Task goal -
The data below is to be copied exactly, line by line.

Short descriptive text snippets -
++++++
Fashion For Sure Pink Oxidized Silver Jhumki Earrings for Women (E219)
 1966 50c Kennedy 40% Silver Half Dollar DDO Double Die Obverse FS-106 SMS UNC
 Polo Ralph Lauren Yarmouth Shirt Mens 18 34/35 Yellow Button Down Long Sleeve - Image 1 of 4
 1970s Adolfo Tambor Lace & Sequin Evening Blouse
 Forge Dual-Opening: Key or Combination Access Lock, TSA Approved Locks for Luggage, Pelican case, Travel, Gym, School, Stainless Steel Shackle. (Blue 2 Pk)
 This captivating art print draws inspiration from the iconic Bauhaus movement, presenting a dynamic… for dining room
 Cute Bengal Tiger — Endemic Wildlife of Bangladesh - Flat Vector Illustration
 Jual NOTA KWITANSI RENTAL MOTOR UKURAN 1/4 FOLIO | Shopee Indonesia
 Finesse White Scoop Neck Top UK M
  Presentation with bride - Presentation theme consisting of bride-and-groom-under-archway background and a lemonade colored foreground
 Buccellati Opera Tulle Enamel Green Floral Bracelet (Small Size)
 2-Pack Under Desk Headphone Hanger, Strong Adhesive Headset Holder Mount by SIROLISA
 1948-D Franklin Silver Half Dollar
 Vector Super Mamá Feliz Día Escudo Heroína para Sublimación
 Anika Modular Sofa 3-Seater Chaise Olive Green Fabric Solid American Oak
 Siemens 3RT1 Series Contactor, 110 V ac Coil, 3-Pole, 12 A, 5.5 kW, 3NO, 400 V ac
++++++
Task answer -
Fashion For Sure Pink Oxidized Silver Jhumki Earrings for Women (E219)
 1966 50c Kennedy 40% Silver Half Dollar DDO Double Die Obverse FS-106 SMS UNC
 Polo Ralph Lauren Yarmouth Shirt Mens 18 34/35 Yellow Button Down Long Sleeve - Image 1 of 4
 1970s Adolfo Tambor Lace & Sequin Evening Blouse
 Forge Dual-Opening: Key or Combination Access Lock, TSA Approved Locks for Luggage, Pelican case, Travel, Gym, School, Stainless Steel Shackle. (Blue 2 Pk)
 This captivating art print draws inspiration from the iconic Bauhaus movement, presenting a dynamic… for dining room
 Cute Bengal Tiger — Endemic Wildlife of Bangladesh - Flat Vector Illustration
 Jual NOTA KWITANSI RENTAL MOTOR UKURAN 1/4 FOLIO | Shopee Indonesia
 Finesse White Scoop Neck Top UK M
  Presentation with bride - Presentation theme consisting of bride-and-groom-under-archway background and a lemonade colored foreground
 Buccellati Opera Tulle Enamel Green Floral Bracelet (Small Size)
 2-Pack Under Desk Headphone Hanger, Strong Adhesive Headset Holder Mount by SIROLISA
 1948-D Franklin Silver Half Dollar
 Vector Super Mamá Feliz Día Escudo Heroína para Sublimación
 Anika Modular Sofa 3-Seater Chaise Olive Green Fabric Solid American Oak
 Siemens 3RT1 Series Contactor, 110 V ac Coil, 3-Pole, 12 A, 5.5 kW, 3NO, 400 V ac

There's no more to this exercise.